The space ${\cal S}$ does not have to be finite-dimensional. However since every vector space with a scalar product can be embedded into a Hilbert space (see below for a definition) we can assume that it is Hilbert.

The transformation $\Phi$ is of no particular importance to us. Once we know the kernel $ {\cal K}$, we can perform regression with it. A justification for the ridge regression in the kernel case will be obtained below in Subsection 5.3.

1.6  Mappings and Kernels

It would be nice to have a characterisation of all $ {\cal K}$ without a reference to $\Phi$. A characterisation of this kind can be given.

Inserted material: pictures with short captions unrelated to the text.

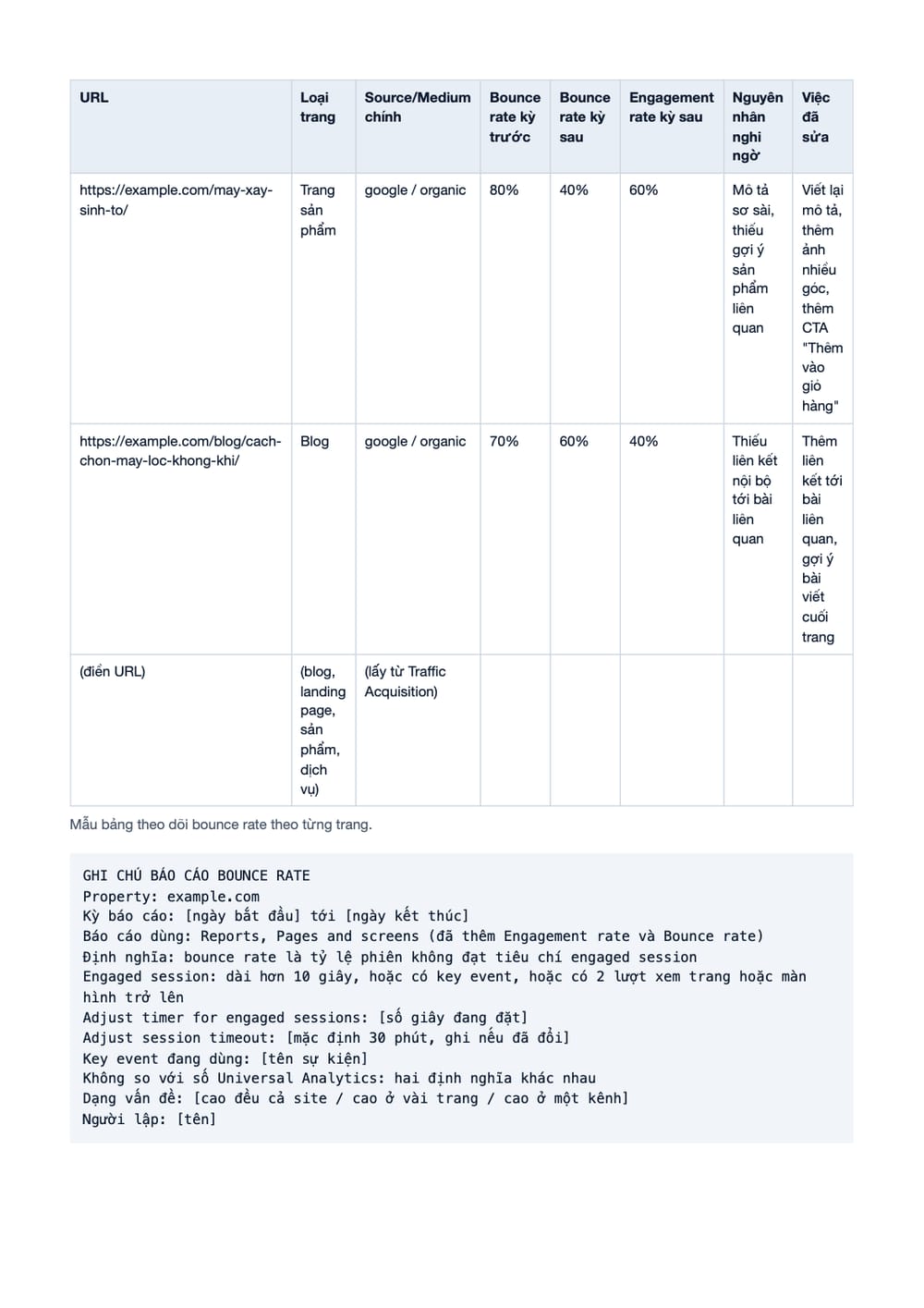 Trang 37 bản PDF của tài liệu Bounce Rate Là Gì? Cách Giảm Tỷ Lệ Bounce Rate Cho Website Tốt, phần có bảng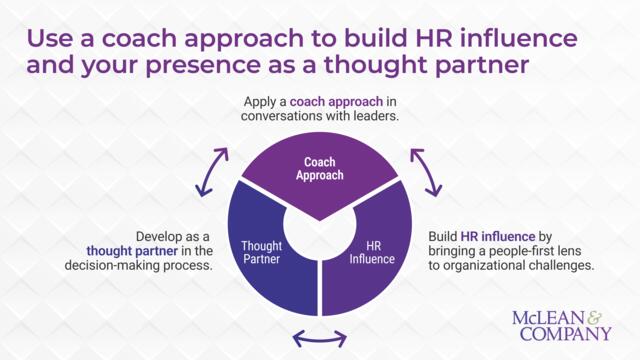 Build HR Influence Through Curiosity and a Coach Approach preview picture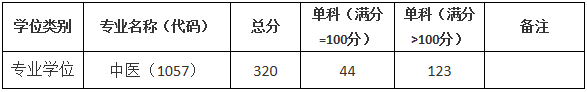 2021考研分?jǐn)?shù)線：上海中醫(yī)藥大學(xué)復(fù)試分?jǐn)?shù)線_復(fù)試時(shí)間_國家線公布！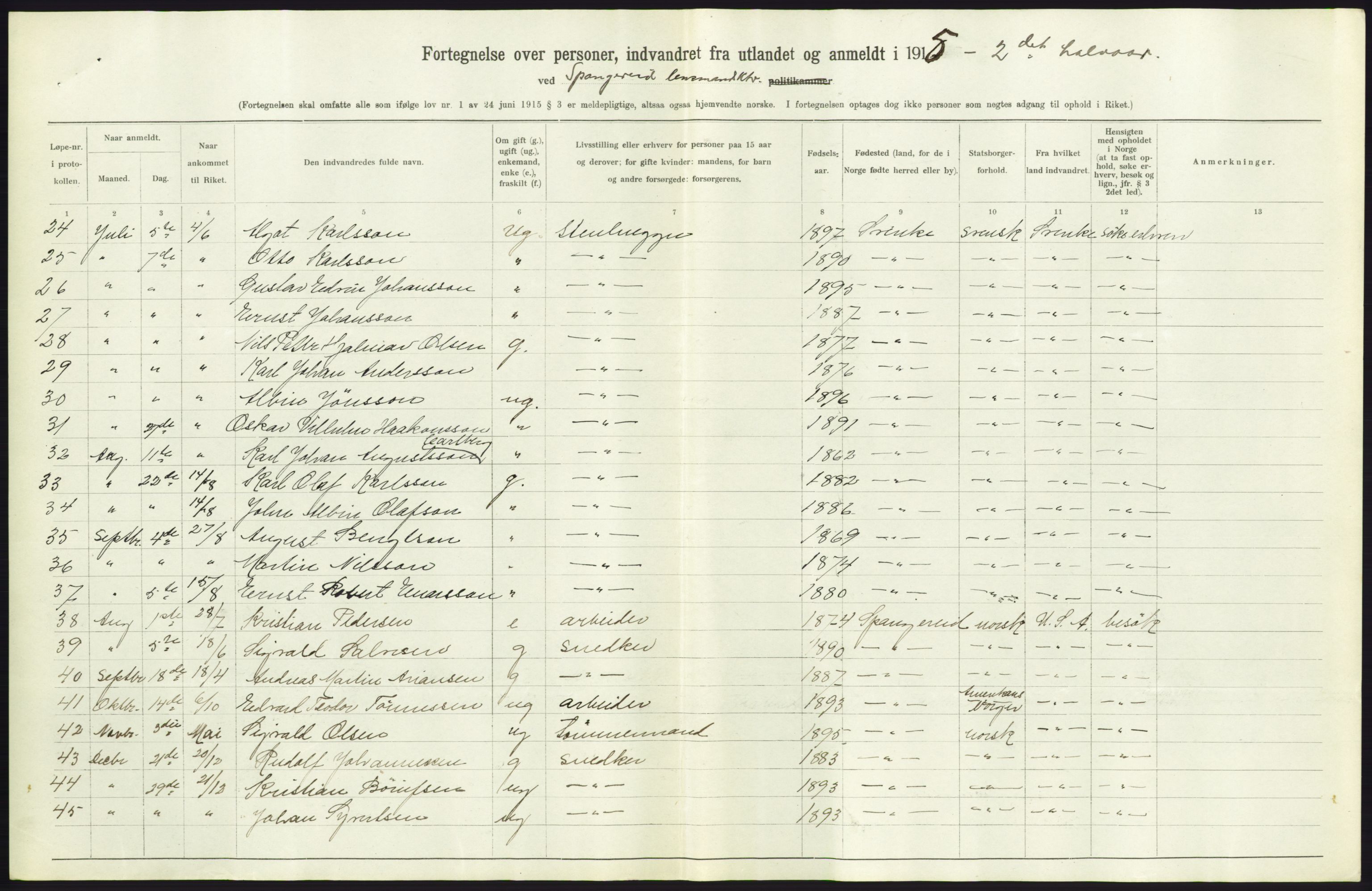 Statistisk sentralbyrå, Sosioøkonomiske emner, Folketellinger, boliger og boforhold, AV/RA-S-2231/F/Fa/L0001: Innvandring. Navn/fylkesvis, 1915, p. 358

It is easy to see that $ {\cal K}(x_1,x_2)=\langle\Phi(x_1),\Phi(x_2)\rangle$ has the following properties:

  • it is symmetric: $ {\cal K}(x_1,x_2)= {\cal K}(x_2,x_1)$ for all $x_1,x_2\in X$; this follows from the symmetry of the scalar product $\langle\cdot,\cdot\rangle$;
  • it is positive semi-definite: for every positive integer $T$ and every $x_1,x_2,\ldots,x_T\in X$ the matrix
    $$ K=\begin{pmatrix} {\cal K}(x_1,x_1) & {\cal K}(x_1,x_2) &\ldots& {\cal K}(x_1,x_T)\\ {\cal K}(x_2,x_1) & {\cal K}(x_2,x_2) &\ldots& {\cal K}(x_2,x_T)\\ \vdots                 &\vdots                 &\ddots&\vdots\\ {\cal K}(x_T,x_1) & {\cal K}(x_T,x_2) &\ldots& {\cal K}(x_T,x_T) \end{pmatrix} $$
    is positive semi-definite 5; indeed, $K$ is the Gram matrix of the images $\Phi(x_1),\Phi(x_2),\ldots,\Phi(x_T)$ 6.

Surprisingly these two simple properties are sufficient. Let us call a function $ {\cal K}: X^2\to\mathbb R$ satisfying these two properties a kernel. Then the following theorem can be formulated.

Theorem 1. For any set $X$ a function $ {\cal K}: X^2\to\mathbb R$ is a kernel, i.e., it is symmetric and positive semi-definite, if and only if there is a mapping $\Phi$ from $X$ into a Hilbert space $ {\cal H}$ with a scalar product $\langle\cdot,\cdot\rangle$ such that $ {\cal K}(x_1,x_2)=\langle\Phi(x_1),\Phi(x_2)\rangle$ for all $x_1,x_2\in X$.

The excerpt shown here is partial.